> [TASK ITEM]:
Write out exactly the lines from the one that contains "CEES Exhaust System" down to the last line of the material below, keeping both ends and omitting pictures.

> [SOURCE MATERIAL]:
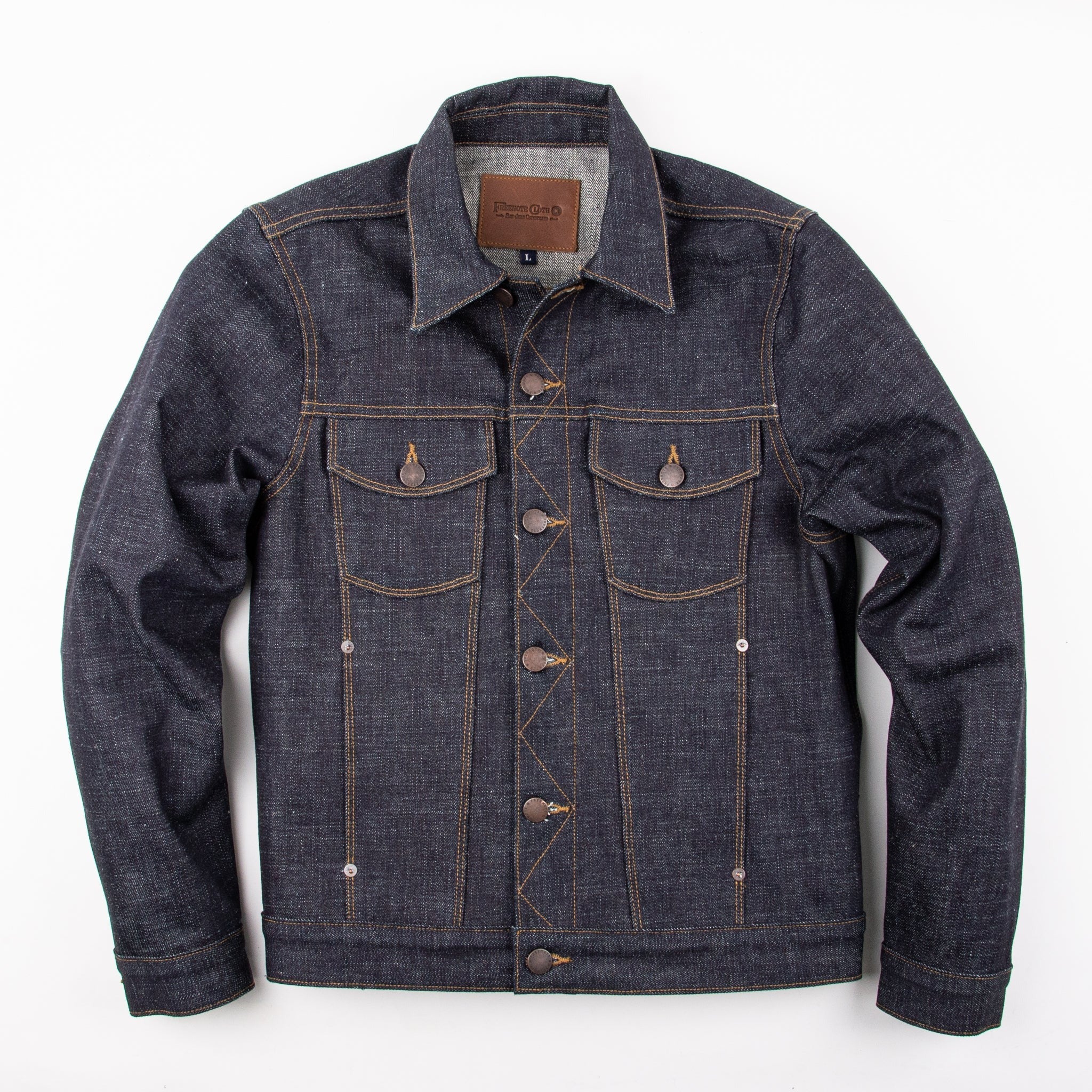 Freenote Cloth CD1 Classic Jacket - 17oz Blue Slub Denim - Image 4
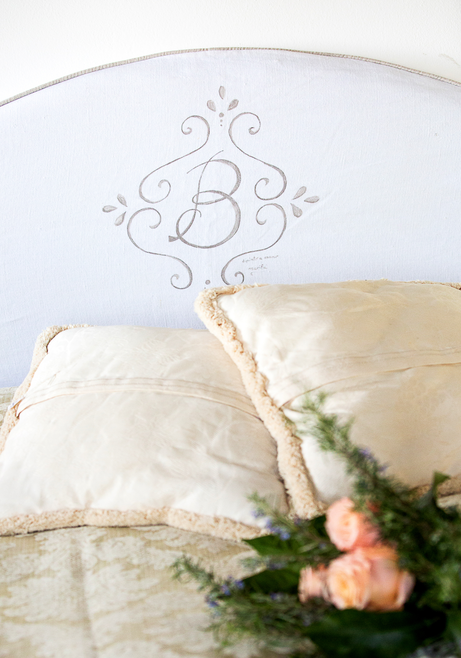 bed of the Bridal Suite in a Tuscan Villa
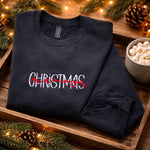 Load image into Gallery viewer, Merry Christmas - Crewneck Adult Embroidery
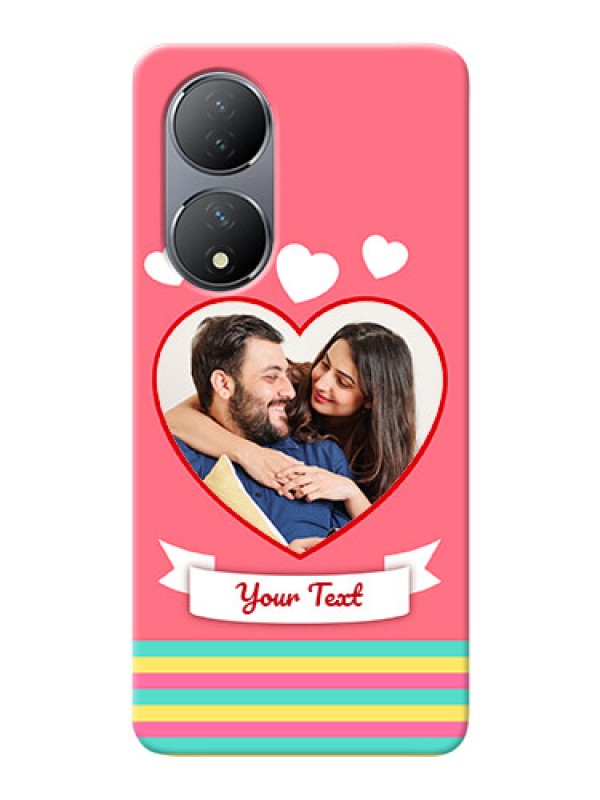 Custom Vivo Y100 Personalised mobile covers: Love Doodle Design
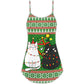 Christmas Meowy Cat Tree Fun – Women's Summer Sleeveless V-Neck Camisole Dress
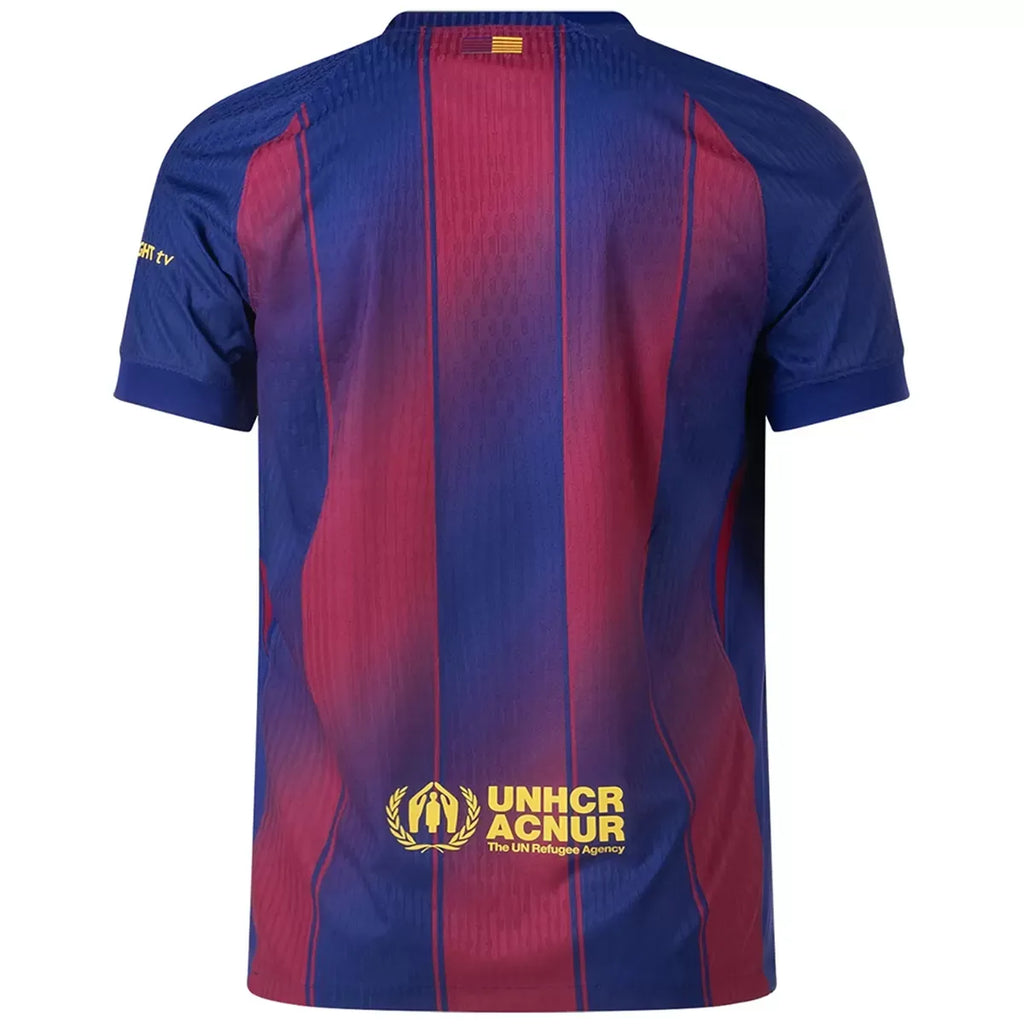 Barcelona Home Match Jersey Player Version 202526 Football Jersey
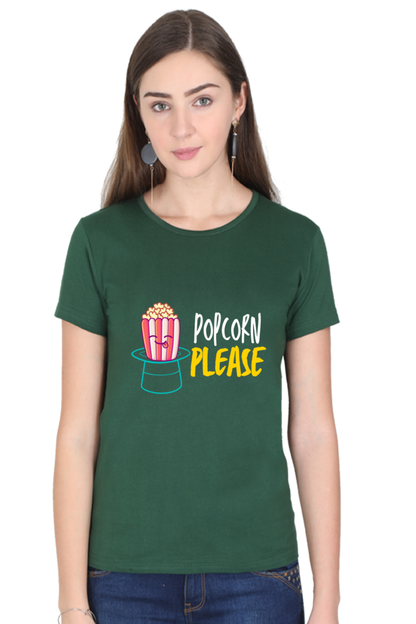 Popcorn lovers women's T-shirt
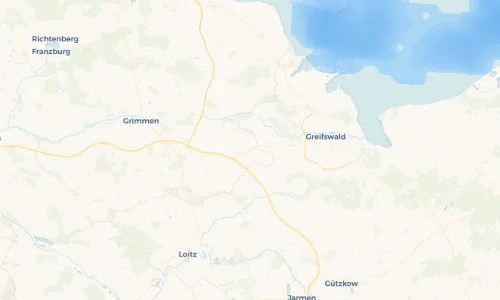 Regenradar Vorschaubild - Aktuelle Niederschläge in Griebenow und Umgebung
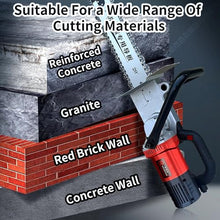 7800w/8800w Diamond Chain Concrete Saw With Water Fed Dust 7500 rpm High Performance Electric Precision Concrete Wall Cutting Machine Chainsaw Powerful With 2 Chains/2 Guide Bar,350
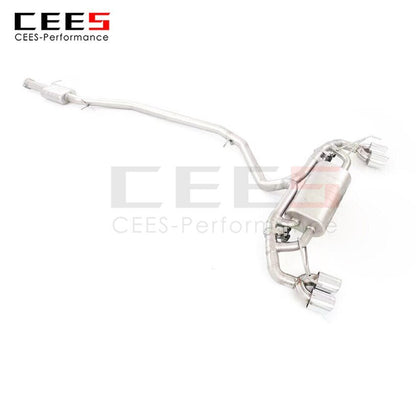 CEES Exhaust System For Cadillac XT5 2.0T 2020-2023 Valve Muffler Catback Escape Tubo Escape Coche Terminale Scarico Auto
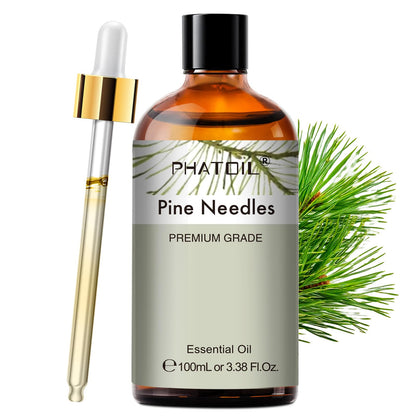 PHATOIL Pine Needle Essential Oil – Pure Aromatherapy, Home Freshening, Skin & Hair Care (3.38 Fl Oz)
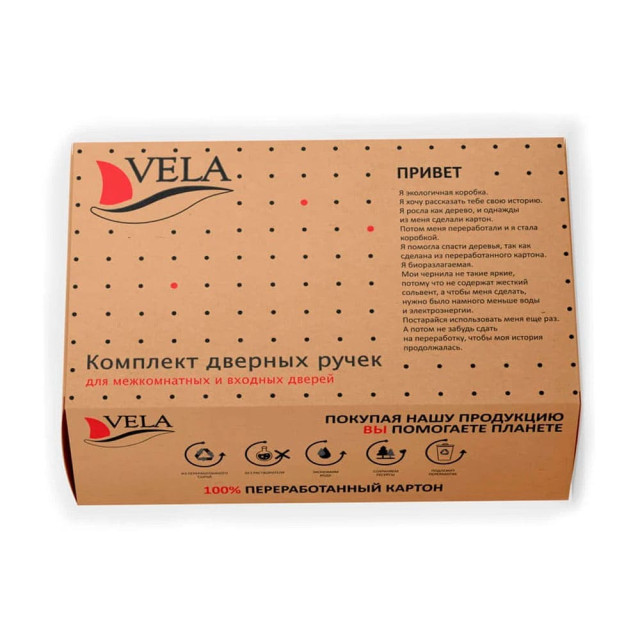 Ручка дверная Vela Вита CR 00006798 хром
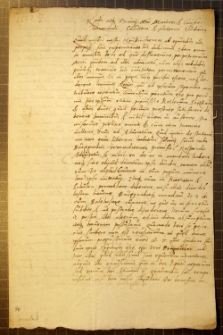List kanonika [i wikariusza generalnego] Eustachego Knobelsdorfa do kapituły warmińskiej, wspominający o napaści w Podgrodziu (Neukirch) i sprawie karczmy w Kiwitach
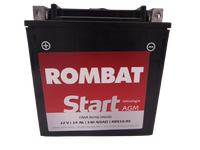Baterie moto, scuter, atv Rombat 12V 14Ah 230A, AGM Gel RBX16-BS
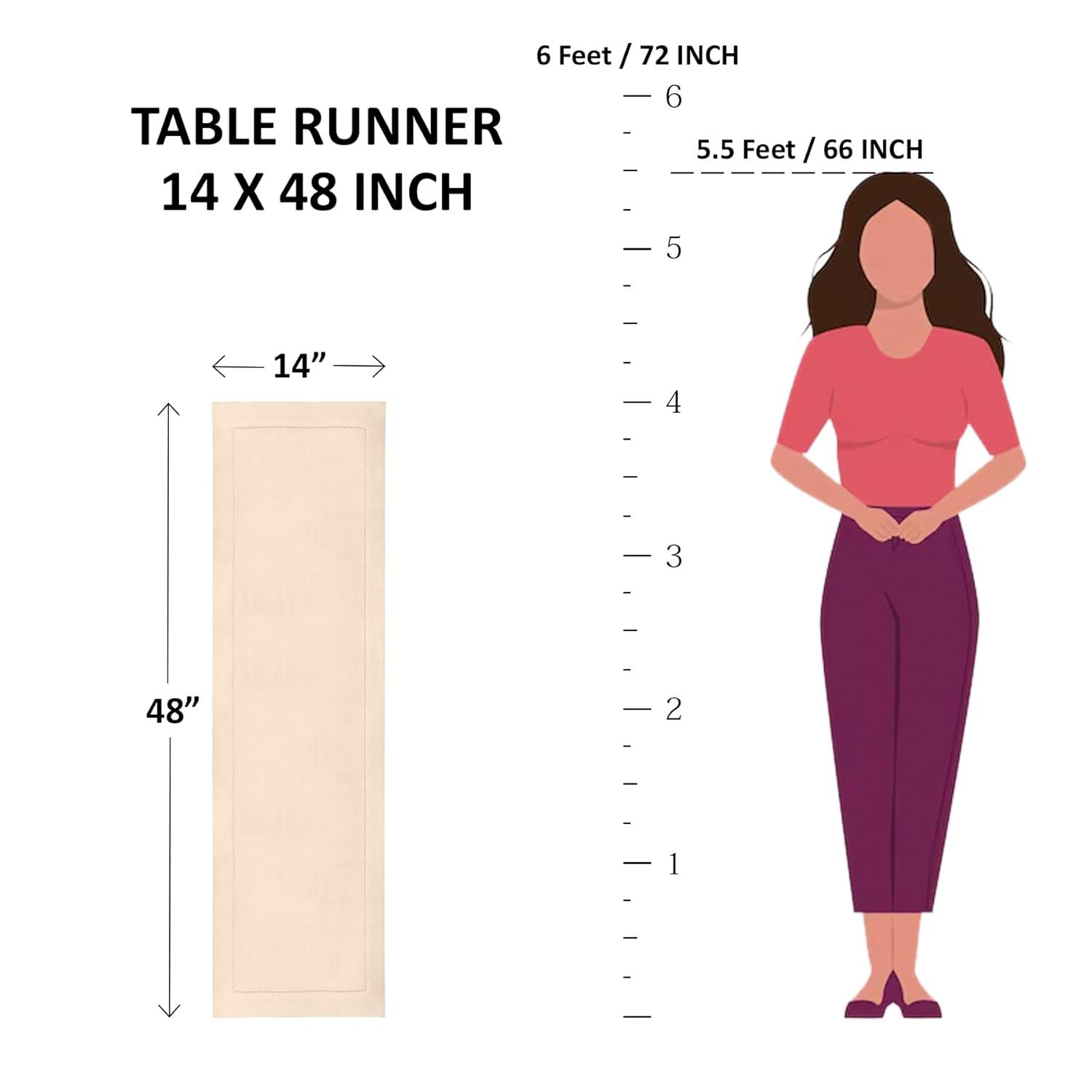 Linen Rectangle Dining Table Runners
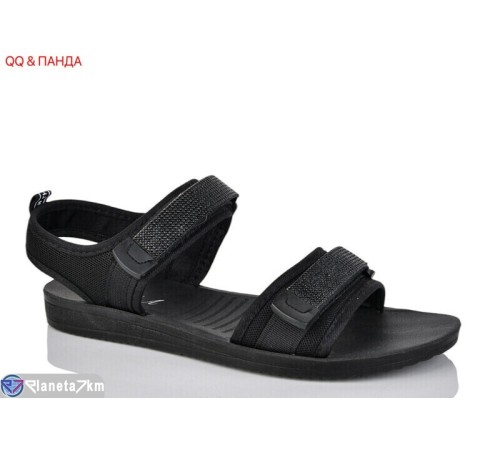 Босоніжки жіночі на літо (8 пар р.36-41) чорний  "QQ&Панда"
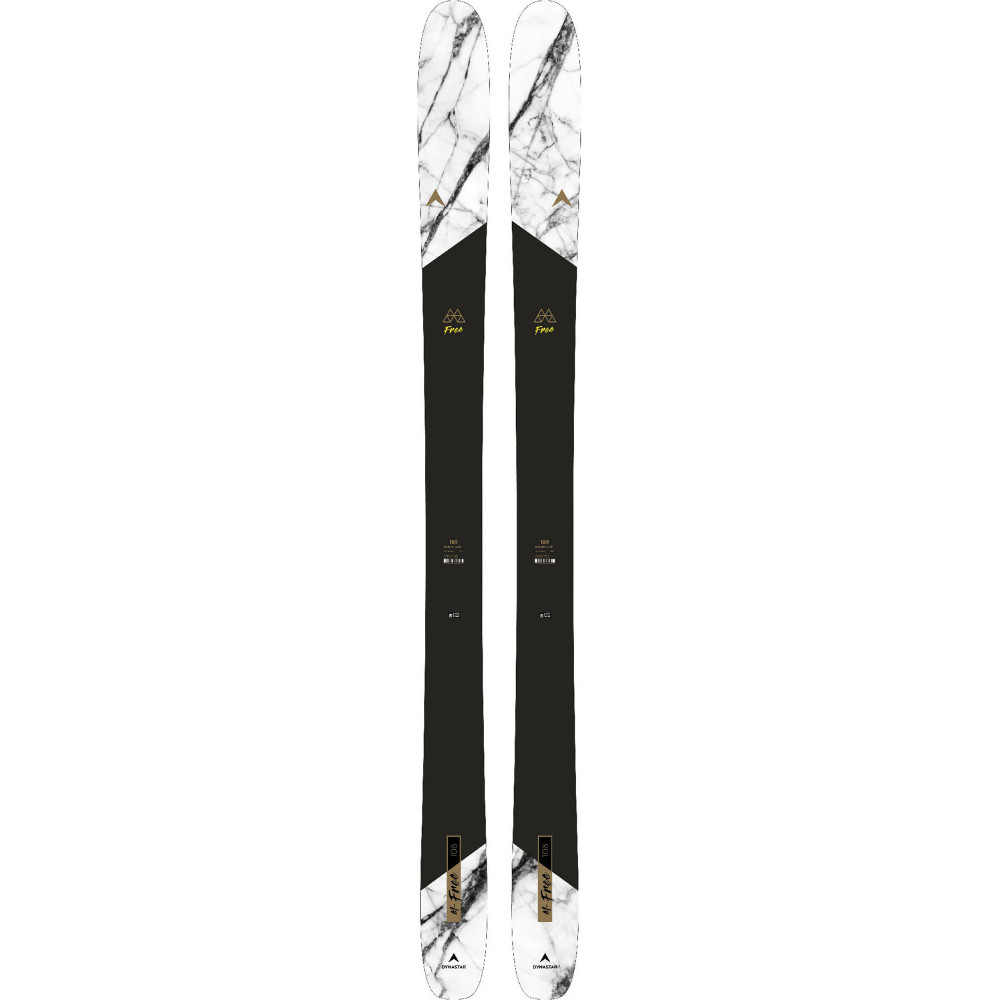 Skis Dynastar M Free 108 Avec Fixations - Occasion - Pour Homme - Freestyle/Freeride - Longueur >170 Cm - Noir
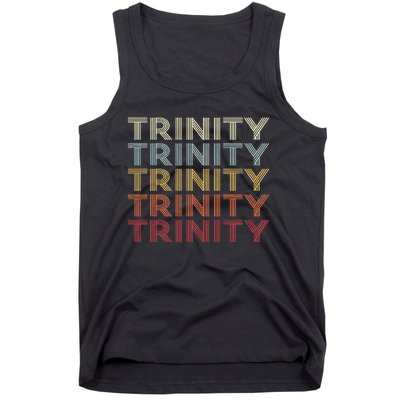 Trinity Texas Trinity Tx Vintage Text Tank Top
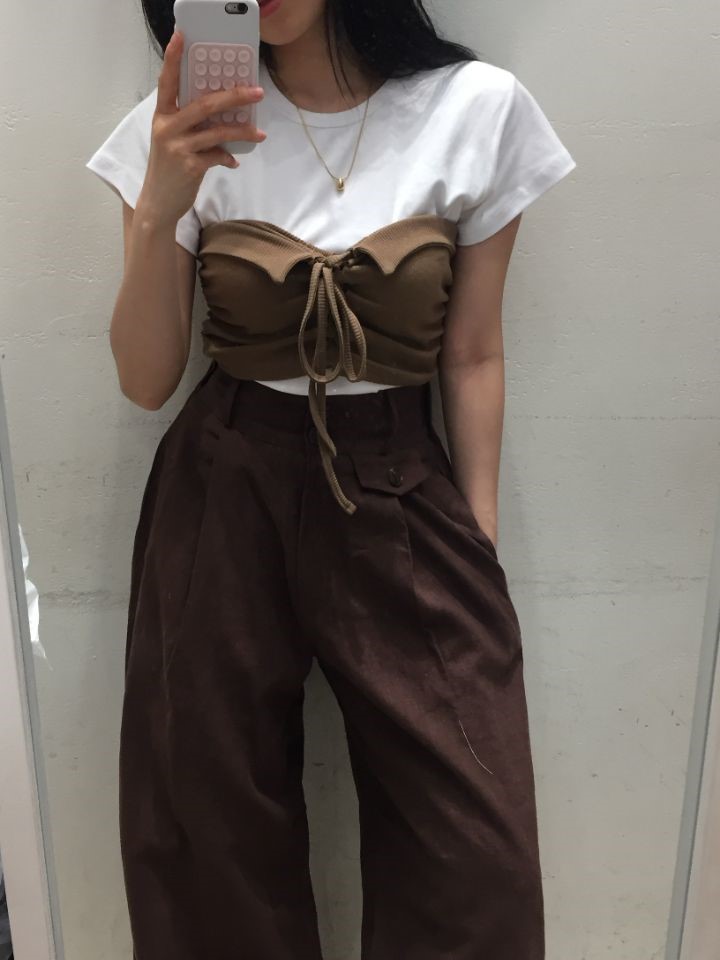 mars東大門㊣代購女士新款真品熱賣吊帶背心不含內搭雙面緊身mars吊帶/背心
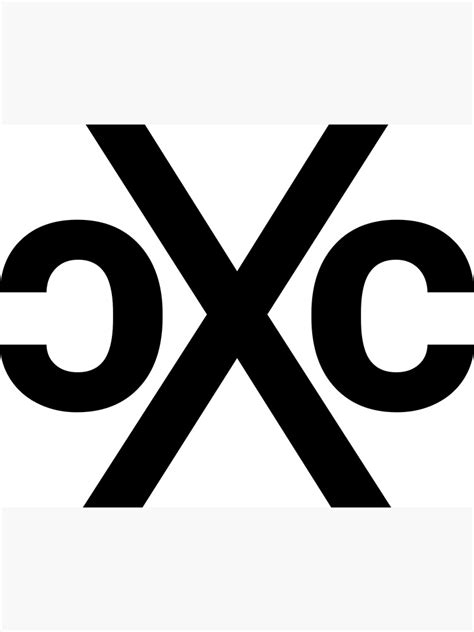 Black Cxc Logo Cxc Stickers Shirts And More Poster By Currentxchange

> [YOUR SOLUTION]:
 CEES Exhaust System For Cadillac XT5 2.0T 2020-2023 Valve Muffler Catback Escape Tubo Escape Coche Terminale Scarico Auto
 PHATOIL Pine Needle Essential Oil – Pure Aromatherapy, Home Freshening, Skin & Hair Care (3.38 Fl Oz)
 Ручка дверная Vela Вита CR 00006798 хром
List kanonika [i wikariusza generalnego] Eustachego Knobelsdorfa do kapituły warmińskiej, wspominający o napaści w Podgrodziu (Neukirch) i sprawie karczmy w Kiwitach
Baterie moto, scuter, atv Rombat 12V 14Ah 230A, AGM Gel RBX16-BS
 Linen Rectangle Dining Table Runners
 Босоніжки жіночі на літо (8 пар р.36-41) чорний  "QQ&Панда"
 Skis Dynastar M Free 108 Avec Fixations - Occasion - Pour Homme - Freestyle/Freeride - Longueur >170 Cm - Noir
 Trinity Texas Trinity Tx Vintage Text Tank Top
 mars東大門㊣代購女士新款真品熱賣吊帶背心不含內搭雙面緊身mars吊帶/背心
 Black Cxc Logo Cxc Stickers Shirts And More Poster By Currentxchange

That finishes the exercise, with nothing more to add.